Essa è infatti la prima occasione fornita al mondo frantumato e polverizzato del lavoro salariato, per raccogliersi, unirsi e provare ad alzare la testa, da quando è sopraggiunta una crisi economica destinata ad incancrenirsi. La prateria è bagnata, e non sarà questa la scintilla che riuscirà ad incendiarla, ma è il primo serio tentativo, a cui senza dubbio ne seguiranno altri.

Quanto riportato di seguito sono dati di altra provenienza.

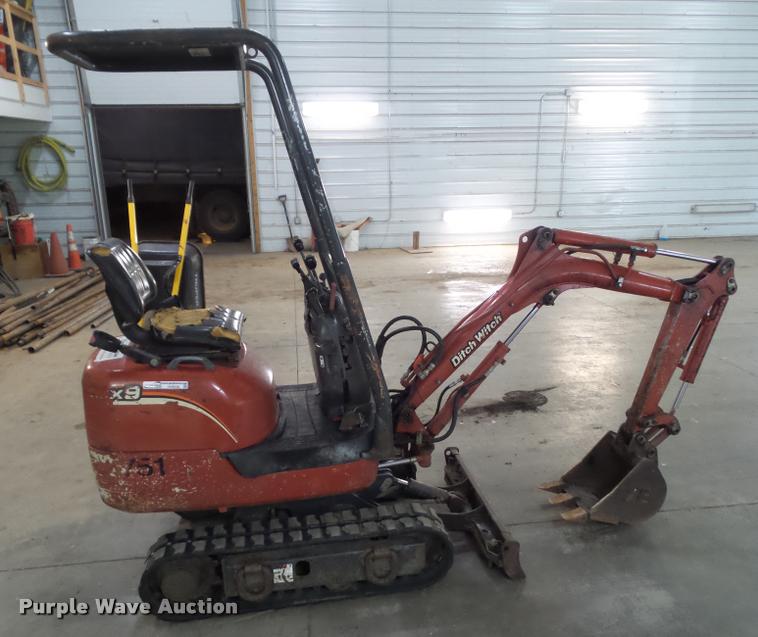 image for item DH9339 2006 Ditch Witch MX9 compact excavator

Siamo gli ultimi a farci qualche illusione sul gruppo dirigente della FIOM — a proposito di democrazia nei luoghi di lavoro: quand’è che la FIOM acconsentirà a rieleggere la RSU di Pomigliano? Rispetto all’enormità della crisi, ha infatti del penoso l’inadeguatezza della sua minimalistica piattaforma sindacale (che solo la protervia capitalistica può far sembrare radicale).
Ciò che qui va preso in considerazione è quindi il movimento di resistenza sociale e politica che questa manifestazione potrebbe contribuire a mettere in moto. La cosa va vista dai due lati: solo una sollevazione può riunificare ciò che trent’anni di reazione neoliberista ha frantumato, saldando in un nuovo tutt’uno il corpo smembrato del lavoro salariato, le molteplici figure in cui si è dissolta la classe proletaria. D’altra parte questo processo non potrà avvenire nell’angusto perimetro del sindacalismo (che in quanto tale è quasi sempre corporativo), poiché, malgrado la grande massa dei lavoratori oggi non ne sia consapevole (e anzi tema di prenderne coscienza), la crisi di sistema chiede risposte radicali, non solo in quanto alle forme di lotta ma in relazione alle misure politiche generali per uscirne.

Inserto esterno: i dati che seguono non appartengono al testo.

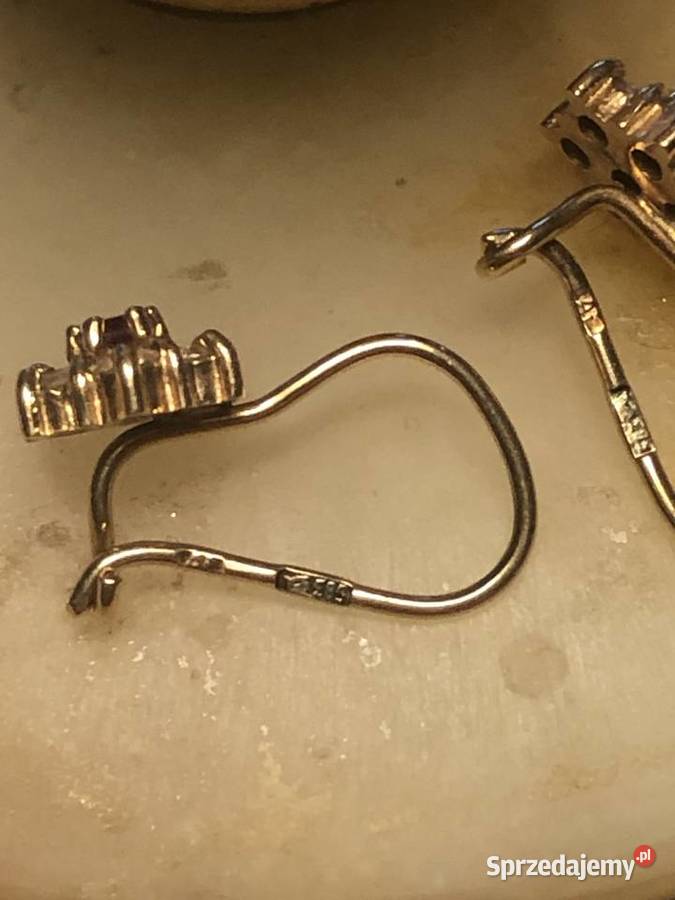 Złote kolczyki 585 z cyrkonią Kolczyki wielkopolskie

Dal primo lato non nascondiamo il nostro ottimismo: un nuovo movimento proletario, quali che saranno le dolorose doglie è destinato a sorgere, a consolidarsi e a diventare protagonista della scena sociale. Un po’ meno lo siamo dal lato secondo, da quello della proposta politica complessiva, la quale solleva, a nostro modo di vedere, la questione della riconquista della sovranità monetaria e dell’abbandono dell’euro, dell’uscita dall’Unione Europea, dell’annullamento del debito pubblico, della nazionalizzazione del sistema bancario e delle aziende di rilevanza strategica, di un piano nazionale per il lavoro, di una politica che subordini le cieche e spietate leggi di mercato agli interessi della maggioranza della popolazione. Il problema, dunque, di chi debba governare questo paese che scivola lentamente ma inesorabilmente sul piano inclinato di una catastrofe sociale.

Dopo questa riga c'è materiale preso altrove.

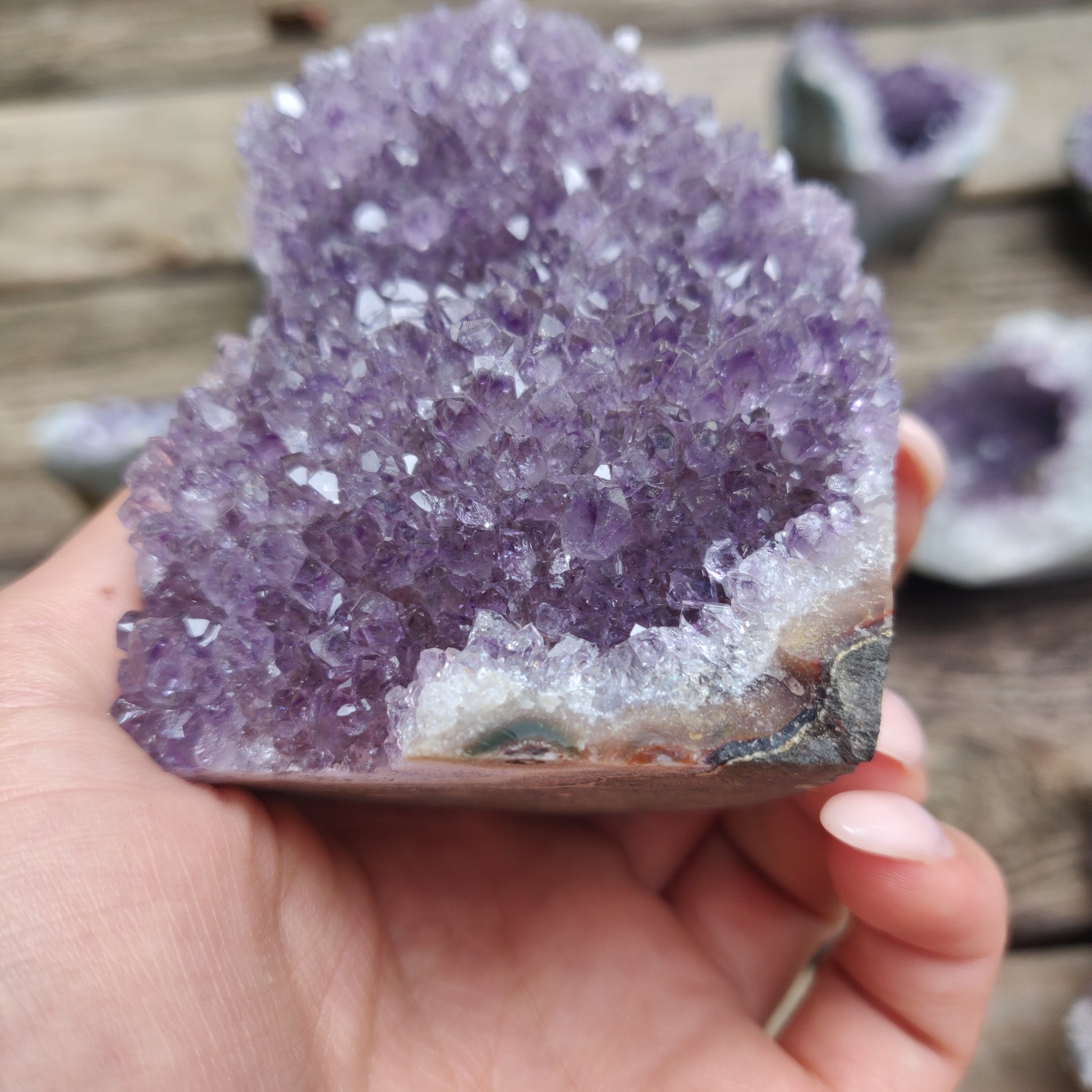Amethyst Geode Free Form, Cut Base (#22) - Simply Affinity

Siamo ben lungi dall’abbracciare una logica movimentistica o di ribellismo sociale, tuttavia è chiaro che solo una tenace Resistenza e una nuova generalizzata rivolta sociale potranno creare l’habitat nel quale possa prendere piede un nuovo blocco sociale anticapitalistico che non sia un’accozzaglia sgangherata, ma un fronte deciso a sfidare la classe dominante di speculatori e predatori capitalisti, i grandi monopoli e le grandi banche che muovono i politicanti come fantocci.
Quanto tempo ci vorrà? Poco o tanto non lo sappiamo. Indichiamo una tendenza. Intanto si prenda atto che il sommovimento non è in corso solo in Italia. Il grande successo dello sciopero generale del 12 ottobre in Francia, quello in Spagna di due settimane fa, la resistenza indomita dei lavoratori greci, indicano che siamo in presenza di un flusso a carattere europeo, quantomeno della parte mediterranea dell’Europa capitalistica. Si tratta di un moto che ove si consolidasse è destinato a crescere e a travolgere i fragili equilibri politici nazionali e a scardinare quest’Europa di predoni della finanza. L’Europa del futuro non passa per Strasburgo o Francoforte, ma per le strade di Parigi, Atene, Roma e Madrid».